_WHAT IS BEING ASKED:_
Could you give again exactly, and only, the lines from the one holding "PA license plate KPH4675" through the end of the data, both ends included, with pictures left out?
[RECORDS — start]
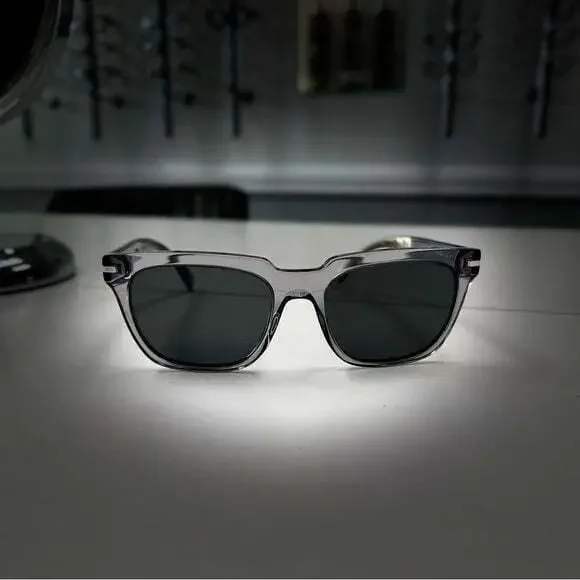 Stylish Prada translucent grey poalarized sunglasses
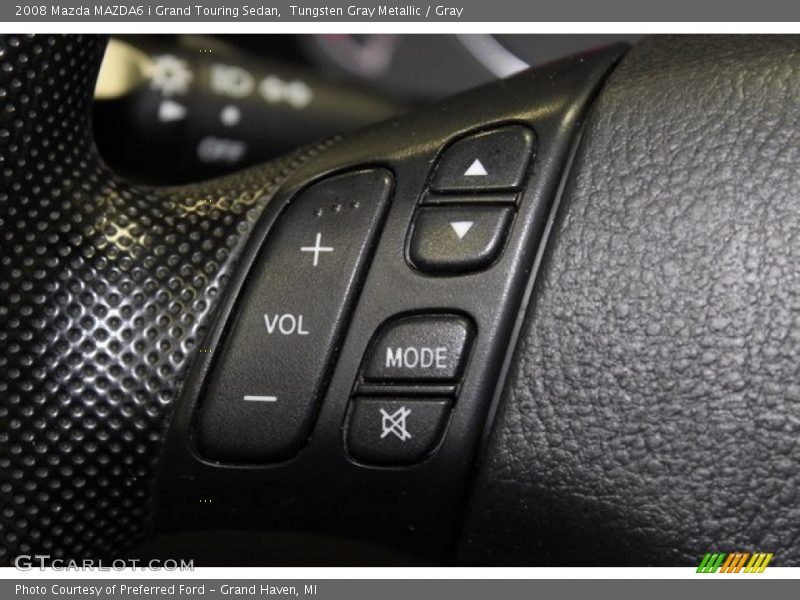 Tungsten Gray Metallic / Gray 2008 Mazda MAZDA6 i Grand Touring Sedan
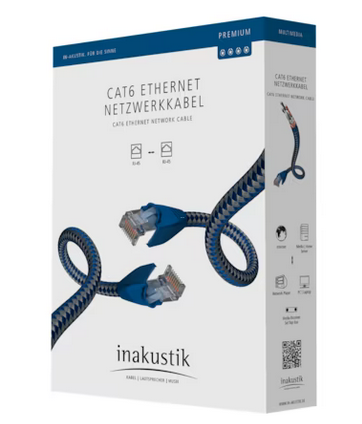 InAkustik PREMIUM CAT6 3m - Netzwerkkabel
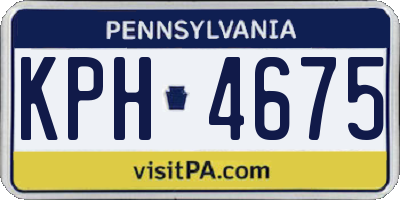 PA license plate KPH4675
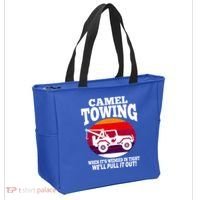Camel Towing Meaningful Gift Funny Retro Camel Towing Funny Halloween Great Gift Tote Bag thumb 2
[RECORDS — finish]
_THE ANSWER:_
 PA license plate KPH4675
Camel Towing Meaningful Gift Funny Retro Camel Towing Funny Halloween Great Gift Tote Bag thumb 2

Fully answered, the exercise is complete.